Judith leads Magna's group to Aaron, Eugene, Laura, and Rosita, who are hesitant about protecting them, but Judith insists. They travel to Alexandria, just as Michonne returns from a scavenging run. Michonne sizes them up and knows that Judith did not follow the proper procedure for bringing new survivors in, but agrees to let them stay overnight and to hear their case the following morning in front of their council which includes the former high-ranking Savior Laura, now a trusted member of the community.

At the Kingdom, Ezekiel recognizes the needs to have a trained blacksmith to help effect repairs, and decides to have Henry travel to Hilltop to be apprenticed in the art. Carol brings Henry along with a number of supplies she plans to bring to the Hilltop too. En route, they are attacked by the remains of the Saviors, aside from those who joined the other communities, led by Carol's old enemy Jed and former Savior lieutenant Regina. Jed reveals that the Sanctuary has fallen and the remaining Saviors have become marauders to survive. They steal the supplies, among them the ring that Ezekiel gave to Carol, and promise they will never see them again. That night, after setting up camp, Carol sneaks out to find the Saviors camp, douses the area in gasoline, and sets them ablaze, killing them while recovering her ring.
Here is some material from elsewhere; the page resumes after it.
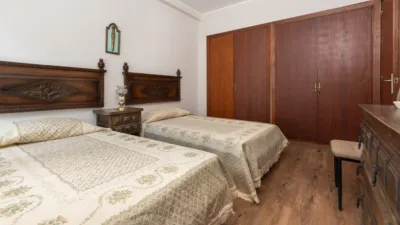 Piso en alquiler en Calle de Policarpo Herrero, 15, Buenavista-El Cristo (Oviedo) de 875 €<span>/mes</span>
They continue on the next day they rendezvous with Daryl who has taken to living on his own.

In the morning, the council asks Magna's group questions similar to what Rick would ask of potential allies. While the other council members seem accepting of their answers, Michonne sees that Magna has a prison tattoo, and a hidden knife, and demands she explain herself. She cannot do so, and the council votes to have them evicted from the community after Yumiko is treated.

Rosita and Eugene go to take some radio equipment to set up on a nearby water tower for Gabriel, who is trying to see if any other communities can make contact. They note that a large herd had passed, but believe it will not interfere with their goal. As Eugene places the radio equipment, he spots the horde now aiming for them. He spooks their horses as he tries to climb down, and Rosita rushes to recover essential gear from their wagon. Eugene is forced to jump the last bit off the tower and injures his leg, and after Rosita gets him a shovel as a makeshift crutch, the two escape.

Judith, who has developed a rapport with the imprisoned Negan, is upset at Michonne for not trusting her. Michonne mulls over her decision as she tends to her and Rick's child, Rick Jr. (RJ). As the group is about to be evicted, Michonne has a change of heart and says they likely will be able to stay over at Hilltop, and will escort them personally there along with Siddiq and former Savior D.J. to watch over Yumiko's recovery.

As Eugene and Rosita make it into the woods, the horde surprisingly stays on their tail, and only once they find a wet ditch and cover themselves in mud does the horde seem to ignore their presence. They hear faint whispers of "Where are they?" and "They must be close, don't let them get away" as the horde passes.

== Production ==
From this episode, Daryl Dixon (Norman Reedus) becomes the main protagonist of the series. This is the first episode broadcast following the departure of Andrew Lincoln as Rick Grimes, which included a six-year time jump from the events of his apparent death. Among changes include Khary Payton (King Ezekiel) being promoted to the main cast as his name appears in the opening credits. The episode is last for Regina (Traci Dinwiddie). This episode introduces Matt Lintz as the older Henry; Matt is the older brother of Macsen Lintz who had played Henry in previous seasons, and brother to Madison Lintz, who had played Carol's daughter Sophia on the first two seasons of the show.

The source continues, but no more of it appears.